(Pocket-lint) - If the OnePlus Nord 2T feels familiar, that's because it is. With just over six months of breathing room between this model and the Nord 2, it appears to represent a shift in launch cycle habits from the company.
In itself, that may be no bad thing, with customers across different regions given more choice when picking a mid-range smartphone.
However, on paper, there doesn't appear to be much difference between the Nord 2T and Nord 2.
So, is this a pointless refresh, or a phone worthy of its place in the OnePlus range?
Our thoughts on the Nord 2T are a little torn. On the one hand, this is a very solid, easy-to-recommend phone that fits comfortably underneath the $400 / £400 / €400 price bracket (if you get the 8GB model). There's no doubt it's one of the very best mid-range phones.
On the other hand, despite some improvements over the standard Nord 2, we’re struggling to see the need for it to exist at all. It does allow OnePlus to stay ahead of the curve and talk about how it has the latest Mediatek Dimensity 1000-series processor, but that doesn't necessarily translate into a tangible benefit for the consumer.
It doesn't provide a significant boost over the Nord 2 in any way except, perhaps, the charging speed, which even then is only shaving a few minutes off the full charge time.
On the whole, it feels like an iteration for the sake of it, rather than one that genuinely improves the experience in any meaningful way.
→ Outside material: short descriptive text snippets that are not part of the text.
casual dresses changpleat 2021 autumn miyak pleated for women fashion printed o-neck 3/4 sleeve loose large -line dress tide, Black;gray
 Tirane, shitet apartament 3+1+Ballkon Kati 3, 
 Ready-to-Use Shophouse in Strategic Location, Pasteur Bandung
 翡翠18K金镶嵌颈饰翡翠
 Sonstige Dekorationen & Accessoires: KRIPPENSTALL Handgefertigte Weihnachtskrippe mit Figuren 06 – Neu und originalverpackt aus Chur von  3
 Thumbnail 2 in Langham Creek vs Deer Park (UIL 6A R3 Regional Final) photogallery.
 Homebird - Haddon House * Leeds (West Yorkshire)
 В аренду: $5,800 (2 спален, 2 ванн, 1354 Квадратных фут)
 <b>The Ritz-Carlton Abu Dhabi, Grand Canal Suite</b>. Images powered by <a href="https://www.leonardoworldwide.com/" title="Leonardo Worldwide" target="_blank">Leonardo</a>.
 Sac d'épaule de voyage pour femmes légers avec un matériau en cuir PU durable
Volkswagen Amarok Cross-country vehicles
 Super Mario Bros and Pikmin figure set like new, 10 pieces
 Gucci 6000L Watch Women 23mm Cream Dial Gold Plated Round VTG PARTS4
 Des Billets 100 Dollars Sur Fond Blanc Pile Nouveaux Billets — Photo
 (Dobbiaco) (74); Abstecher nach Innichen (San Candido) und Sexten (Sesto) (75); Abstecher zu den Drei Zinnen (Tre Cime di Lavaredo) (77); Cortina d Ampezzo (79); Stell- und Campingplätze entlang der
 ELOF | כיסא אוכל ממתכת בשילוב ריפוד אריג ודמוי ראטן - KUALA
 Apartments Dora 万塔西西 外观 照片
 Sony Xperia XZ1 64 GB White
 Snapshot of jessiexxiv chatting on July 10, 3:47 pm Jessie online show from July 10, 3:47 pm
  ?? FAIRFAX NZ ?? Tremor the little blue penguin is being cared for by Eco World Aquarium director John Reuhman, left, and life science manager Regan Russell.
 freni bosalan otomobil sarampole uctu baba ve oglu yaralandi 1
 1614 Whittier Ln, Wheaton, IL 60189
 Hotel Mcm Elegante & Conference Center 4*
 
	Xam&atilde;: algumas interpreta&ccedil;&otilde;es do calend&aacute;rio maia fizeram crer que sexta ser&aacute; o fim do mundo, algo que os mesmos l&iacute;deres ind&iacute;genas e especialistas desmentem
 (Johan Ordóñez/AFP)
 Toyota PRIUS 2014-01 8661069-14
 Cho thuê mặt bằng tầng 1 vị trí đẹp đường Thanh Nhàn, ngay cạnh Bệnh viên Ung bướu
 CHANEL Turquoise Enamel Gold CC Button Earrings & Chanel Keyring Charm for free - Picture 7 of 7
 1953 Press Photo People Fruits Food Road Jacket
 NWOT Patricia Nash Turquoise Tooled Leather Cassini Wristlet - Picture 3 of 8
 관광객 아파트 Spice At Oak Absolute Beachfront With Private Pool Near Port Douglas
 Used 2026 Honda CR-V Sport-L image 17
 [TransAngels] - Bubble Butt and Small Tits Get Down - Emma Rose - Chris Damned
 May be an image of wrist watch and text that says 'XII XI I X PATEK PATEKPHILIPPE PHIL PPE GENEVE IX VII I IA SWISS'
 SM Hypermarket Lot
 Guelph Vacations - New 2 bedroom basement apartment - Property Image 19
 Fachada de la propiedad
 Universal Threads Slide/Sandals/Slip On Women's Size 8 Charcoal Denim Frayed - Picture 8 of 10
However, if you have a limited budget, there aren't many better phones available in this price range, so it's still a very sensible purchase.
OnePlus Nord 2T
- Fast and fluid performance
- Practical build and design
- 80W fast charging
- Very competitive price
- Bloat-free software
- Divisive camera layout design
- Not very different to the Nord 2
- Ultrawide camera isn't as strong as the main lens
- 159.1 x 73.2 x 8.2mm
- Grey Shadow and Jade Fog colours
- Glass front and back, plastic frame
It's rare for a company to upgrade and refresh a product line, introduce a tweaked design and actually make it worse. And yet, OnePlus has managed it with the OnePlus Nord 2T. Of course, from the front, it's basically identical to its predecessor, but it most definitely isn't from the back.
The neat, attractive camera housing with two vertically-aligned cameras has been replaced by what we consider - quite frankly - a monstrosity.
There are two very large dark circles. The top one surrounds the main camera, and the other plays home to the ultrawide and low-resolution monochrome sensor, aligned in a twitch-inducing off-centre layout.
It's big, bulky, ugly and has no purpose. And worse: the two large circles aren't even the same colour. One has a definite blue tint to it, while the other is grey/black. We understand there's nothing practically wrong with this, the whole thing is just a tad bemusing.
Otherwise, the phone is as sensibly designed as the Nord 2. The large-ish size of the phone is fairly convenient, thanks to some practical curving on the glass at the back. Similarly, the completely flat surface on the front makes it easy to type on with two hands. With that said, the glossy finish on the back does make it prone to slipping off things, so you might want to use it with a case to stop that from happening.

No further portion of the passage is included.